As I sit cozily in my corner of the unseen, my heart whispers, ‘This is a beautiful community.’
That’s where the nerve of longing hits. The shelter of being unknown slowly begins to close in and the certainty of loneliness reveals itself. What seems safe and cozy begins to feel tight and threatening. Empty.
Boldly, I beg God for more than this.
I love the picture of friendship that God outlines to us in 1 Samuel 18:18.
Two souls were knit in commitment to love each other as they love themselves. That is it. That’s the truth of community my heart needed to know. The truth I need to pursue, need to live out.
This insecure introvert often feels convicted by the desire to hide.
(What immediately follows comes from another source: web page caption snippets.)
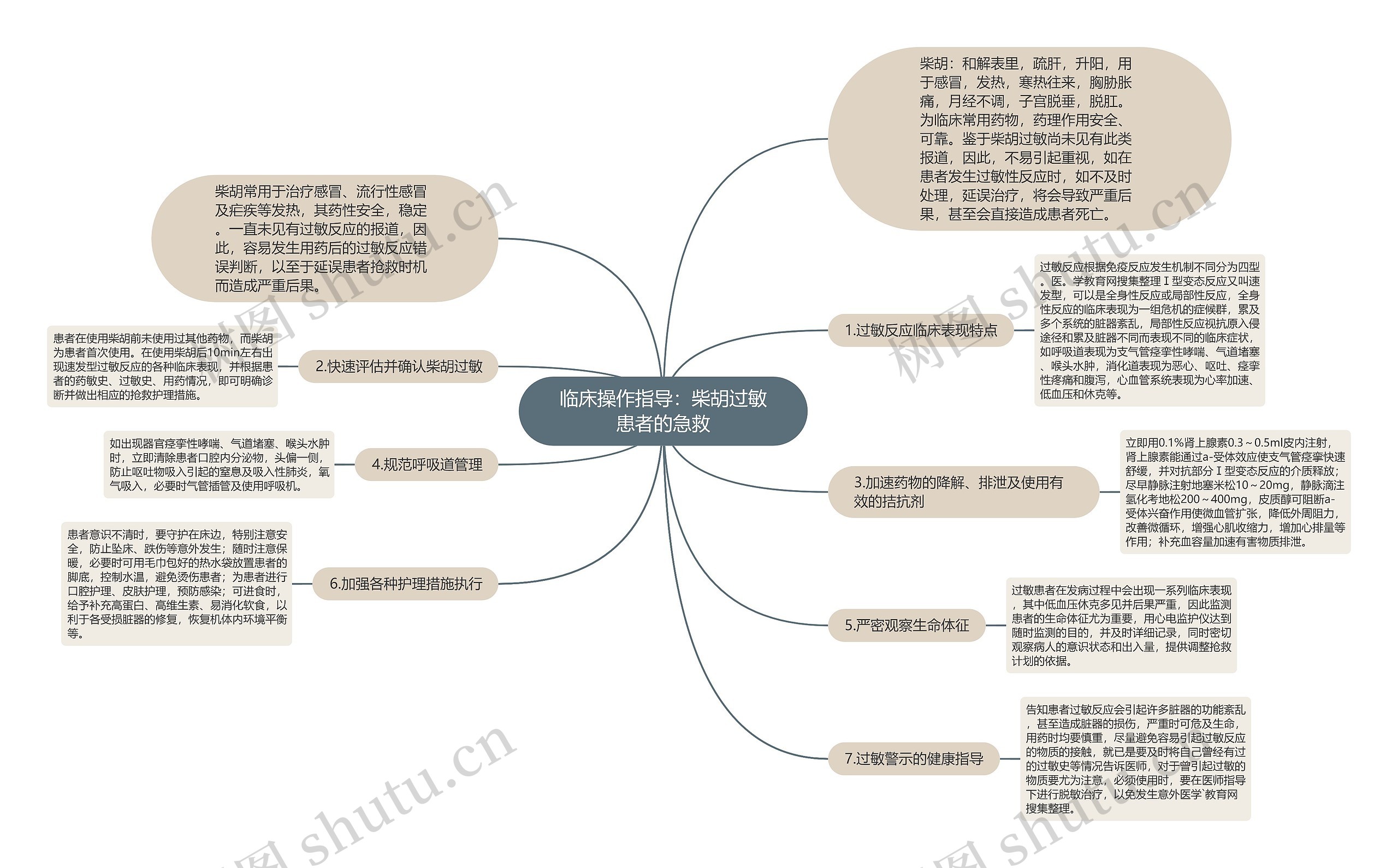 临床操作指导：柴胡过敏患者的急救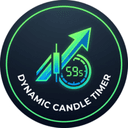 Dynamic Candle Timer trading robot logo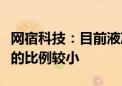 网宿科技：目前液冷业务收入占公司整体收入的比例较小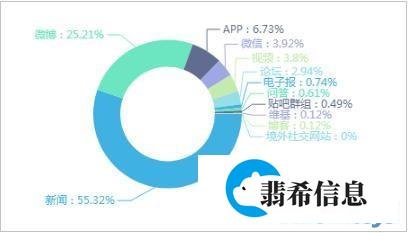 智能锁广告侮辱排雷战士事件舆情分析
To build a life around the explanation that I am shy, the excuse that my schedule is full, the truth that I need space. In the end, each and every self-focused reason for separation and withdrawal leads me no closer to the soul knitting connection with God’s people that He placed me on this earth to build a life with.
In this next season, I surrender.
….to the fear of vulnerability.
….the idea that I can do this life alone.
….to the gift of more Jesus through loving His people well.
In this season, let love come teach me to look beyond my needs and learn to love unselfishly and grace-filled. May He lead as I stumble my way through guiding my family outside ourselves and into the new community we are planted in.
How easy is it for us to feel like we need to protect our time, protect our family, and protect our hearts from the neediness of the world? Please know I hold a firm belief in boundaries and loving my family well. I am no stranger to unhealthy giving, robbing family of my best, or slipping into people-pleasing. That is a space in our hearts where wisdom needs to root and guide.
There is a balance of giving outside of our family unit and intentionally investing time and authentic love to others in our life. This outward focus allows us and our family the blessing of connecting with a larger purpose and feeling the responsibility to love others well, to know soul-knitting bond.
I once read a definition of community as a challenge to commit ourselves to live together as the people of God. What hope this give me.
In this cozy corner of the unknown, I chose now to seek the truth of that statement in my life one eager hello at a time.